Her Field Guide opens with lunch with an earl en famille. She clocks the scruffy cars and freezing house and is struck by the lack of affectation of the aristocracy. "What did I learn about my adopted country? That assumptions were made to be unmade. That true aristocrats are perhaps the only people in Britain secure enough not to care how others view what they drive, wear or eat. That some aspects of British life would likely remain forever beyond the grasp of my feeble colonial understanding. And that when invited to a picnic in the country, you should bring an extra sweater, and possibly also some extra food." Well, quite. But it is strange that Lyall finds this so foreign, having attended a boarding school in New England where, due to the weather, the affection of New Englanders for discomfort and the staple diet of Triscuits and Cheez Whiz, the same advice surely applies.

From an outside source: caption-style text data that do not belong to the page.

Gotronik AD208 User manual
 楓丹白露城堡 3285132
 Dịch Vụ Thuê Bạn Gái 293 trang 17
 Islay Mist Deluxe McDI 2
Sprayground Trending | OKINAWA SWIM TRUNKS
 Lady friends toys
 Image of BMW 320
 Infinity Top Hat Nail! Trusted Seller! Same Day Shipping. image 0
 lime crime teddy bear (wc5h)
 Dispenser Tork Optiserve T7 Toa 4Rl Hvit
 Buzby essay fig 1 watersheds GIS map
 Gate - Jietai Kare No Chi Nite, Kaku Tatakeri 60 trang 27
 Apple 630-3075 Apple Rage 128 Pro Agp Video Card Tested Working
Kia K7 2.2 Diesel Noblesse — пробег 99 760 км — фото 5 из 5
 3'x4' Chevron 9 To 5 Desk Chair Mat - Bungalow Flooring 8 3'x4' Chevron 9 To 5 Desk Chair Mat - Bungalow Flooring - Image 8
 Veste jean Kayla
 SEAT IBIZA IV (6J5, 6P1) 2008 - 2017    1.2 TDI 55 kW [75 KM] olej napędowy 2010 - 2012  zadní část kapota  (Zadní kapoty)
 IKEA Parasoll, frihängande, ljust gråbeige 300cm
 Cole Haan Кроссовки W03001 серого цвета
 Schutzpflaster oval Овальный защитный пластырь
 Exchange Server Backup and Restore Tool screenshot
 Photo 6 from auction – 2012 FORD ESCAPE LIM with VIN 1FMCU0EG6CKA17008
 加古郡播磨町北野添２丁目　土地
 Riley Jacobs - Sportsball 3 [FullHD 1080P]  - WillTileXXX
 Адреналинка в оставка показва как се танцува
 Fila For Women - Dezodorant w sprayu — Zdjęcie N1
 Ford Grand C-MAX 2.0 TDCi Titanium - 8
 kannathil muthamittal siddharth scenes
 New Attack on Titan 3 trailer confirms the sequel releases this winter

She fares better with the odd but enduring appeal of Englishmen for foreign women and the almost unfathomable English attitude to sex and bodies. Neatly expressed in the use of language that sounds either harsh - buttocks - or in nursery-speak - rumpy-pumpy, bonking - and the ability of a measurable percentage of the population to find Margaret Thatcher sexually desirable, the English sexual aesthetic is certainly unique:
In my unmarried twenties, I visited London for a long weekend and met a charming handsome Englishman at a smart party. Taken in by his smooth manners and verbal dexterity, I went back to his house for a nightcap. Out went Mr Darcy; in came Austin Powers. The man kissed like someone kissing for the first time, stabbing at my throat with his tongue, and then reverberating it back and forth as if he were a Boy Scout trying to start a fire. He grabbed at elements of my person like a climber who, locating a secure handhold on the rock face, clamps down and will not let go [. . .] I hastily hailed the nearest taxi.
Lyall provides a new slant on a well-worn theme - the English and their peculiarities, little and large. Her Field Guide takes the reader along on her sometimes uncomfortable journey to embrace life in England and when the embracing proves unappetising she anatomises the source of her bemusement with wit, sweetness and considerable style.